III) LES PHILOSOPHES SOCRATIQUES 1) Socrate 2) Platon

IV) ARISTOTE

                L’étude de l’histoire de la pensée montre que dans leurs efforts pour comprendre et expliquer le monde, les civilisations ont toujours d’abord élaboré des mythes. En Grèce comme ailleurs, tout a commencé par une cosmogonie de cet ordre et nul n’ignore la puissance et la vitalité de la mythologie grecque. Mais dès le VI° siècle avant J.C., émergent en Grèce, sur le terreau mythologique, des tentatives d’explication de l’univers essayant d’éliminer  l’intervention du « surnaturel » dans l’énigme posée par l’existence du monde. C’est le début des disciplines scientifique et philosophique.  Mais à cette époque là, elles étaient intimement liées, autant dire indifférenciées puisque les premiers philosophes se nommaient « physiciens », c’est-à-dire scrutateurs de la nature,  « phusis » chez les Grecs. Les découvertes scientifiques de cette époque font, pour la plupart d’entre elles, toujours partie des fondements des sciences actuelles et cette recherche est aussi à l’origine de la philosophie au sens moderne du terme.

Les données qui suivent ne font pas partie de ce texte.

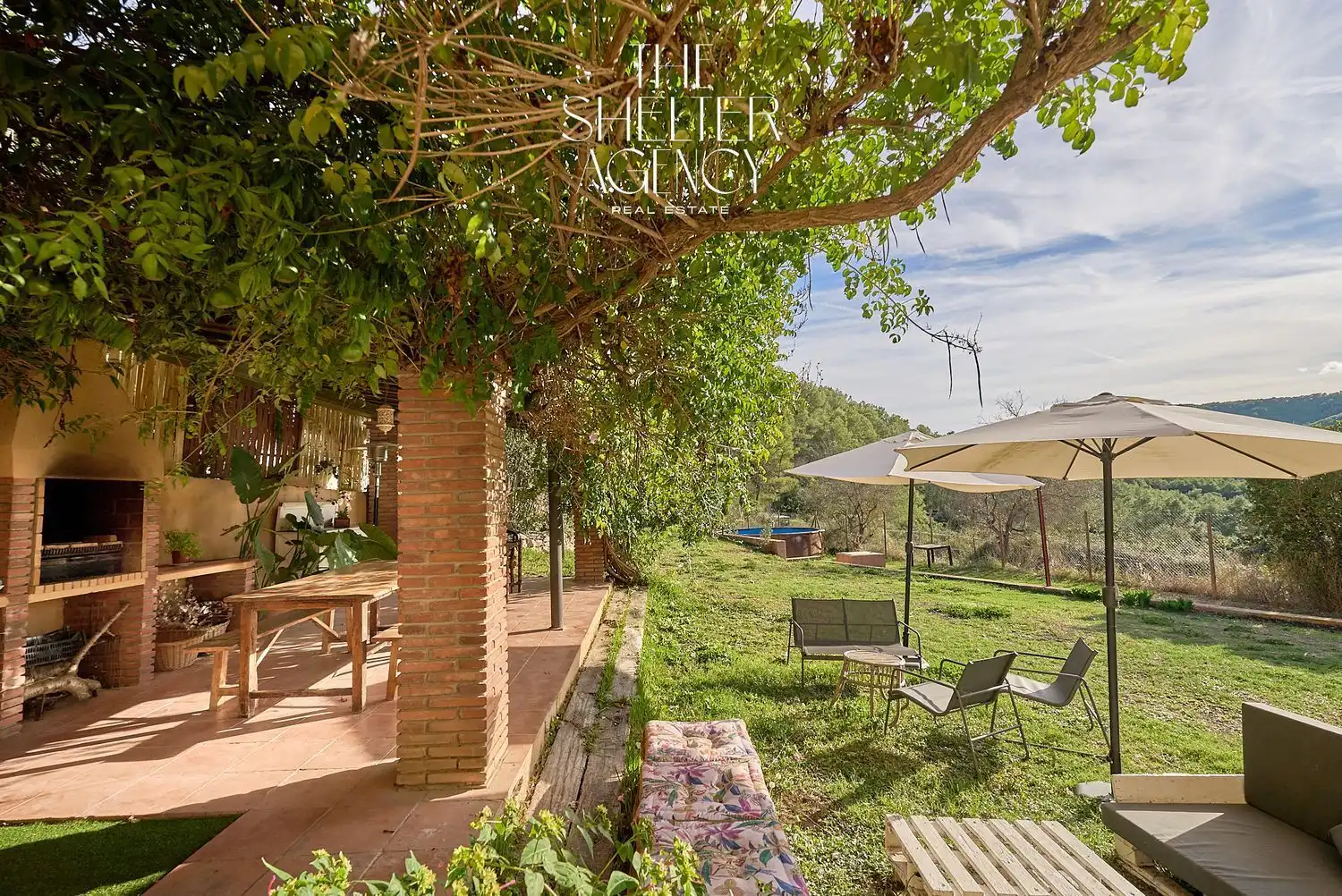 Jardín de Finca rústica en venta en Sant Pere de Ribes con Aire acondicionado, Jardín privado y Piscina comunitaria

                Athènes deviendra vite le centre de cette nouvelle pensée et Socrate le pivot de son évolution. Par la suite, la philosophie romaine (particulièrement dans ses recherches sur la morale, le stoïcisme et l’épicurisme) se réclamera héritière de la pensée grecque. 

I) LES PRESOCRATIQUES
            Les présocratiques forment une étape importante de la pensée grecque par le caractère moderne de leurs intuitions scientifiques, vérifiées plus tard par les sciences actuelles. Les sciences et la philosophie de cette période se sont avant tout développées en Asie Mineure, appelée Ionie (Ephèse et Milet) et en Grande Grèce (Sicile et Italie du Sud).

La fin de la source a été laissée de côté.